While Appellants also complain about the limited number of training spots allotted to constables, HB 239 sets a floor, a minimum number of reserved spots for constables, rather than a ceiling. While Appellants complain they have been denied access, they have not alleged that a constable meeting all pre- certification requirements has been kept out of basic training for a reason other than the constable’s own inability to furnish the cost of the training or unwillingness to attend the full duration of the training. If such has occurred, that complaint is not based on the constitutionality of HB 239 and is not properly before this Court.

b. The legislative removal of constables’ police powers does not constitute an equal protection violation Next, we turn to Appellants’ contention of error regarding equal protection violations. More particularly, Appellants assert that HB 239 creates a disparity between constables and sheriffs or other elected peace officers by requiring constables receive certification in order to exercise police powers.

The equal protection provisions are set forth in the Kentucky Constitution at Section 1, Section 2, and Section 3. These provisions provide “the legislature does not have arbitrary power and shall treat all persons equally.” Zuckerman v. Bevin , 565 S.W.3d 580, 594 (Ky. 2019). “[U]nless a statutory classification is arbitrary . . . the courts have no right to interfere with the exercise of legislative discretion.” Id. at 594-95 (citation omitted). The goal of the equal protection provisions is to prevent government decisionmakers from treating people differently who are otherwise alike in all relevant respects. Id. at 595. As most legislation makes some differentiation between different classes of people, “neither the federal nor state constitutions forbid such classification per se.” Id. at 596 (citing Romer v. Evans , 517 U.S. 620, 631 (1996)). Therefore, “the level of judicial scrutiny applied to an equal protection challenge depends on the classification made in the statute and the interest affected by it.” Id. (citation omitted).

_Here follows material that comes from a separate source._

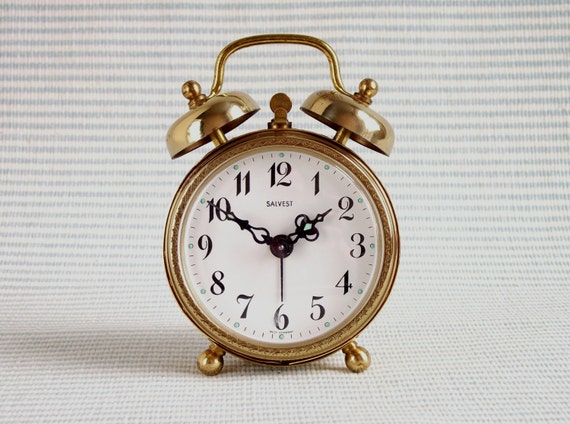 Vintage Brass Twin Bell Wind Up Alarm Clock. Beautiful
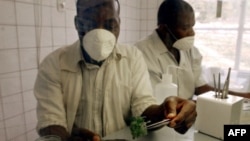 Des pharmaciens travaillent sur la quinine à Bukavu, le 5 août 2002.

Because HB 239 involves neither a fundamental right nor a suspect class there is no heightened scrutiny, and the circuit court stated “there is no question that [Appellants] are merely entitled to rational basis review.” January 18, 2024 Order at 12. In such a review, the classification created by the legislature is presumed valid “if there is a rational relationship between the disparity of treatment and some legitimate governmental purpose[.]” Steven Lee Enter. v. *33 Varney , 36 S.W.3d 391, 395 (Ky. 2000) (citations omitted). Moreover, “[a] classification by the legislature should be affirmed unless it is positively shown that the classification is so arbitrary and capricious as to be hostile, oppressive and utterly devoid of rational basis.” Delta Air Lines, Inc. v. Commonwealth, Revenue Cabinet , 689 S.W.2d 14, 19 (Ky. 1985). The burden is on the challenger to prove no rational basis exists. Varney , 36 S.W.3d at 395. Compounding the difficulty of bringing such a challenge, “a legislature that creates these categories need not actually articulate at any time the purpose or rationale supporting its classification.” Id . (internal quotation marks omitted). Appellants have failed to meet their burden. Not only is it redundant and inefficient for county sheriffs and county constables to exercise the same powers while sharing the same jurisdiction, but, as stated by the circuit court, “[i]t cannot be said that it is irrational to prohibit newly elected constables, who have not undergone state-approved training, to exercise peace officer power.” January 18, 2024 Order at 13.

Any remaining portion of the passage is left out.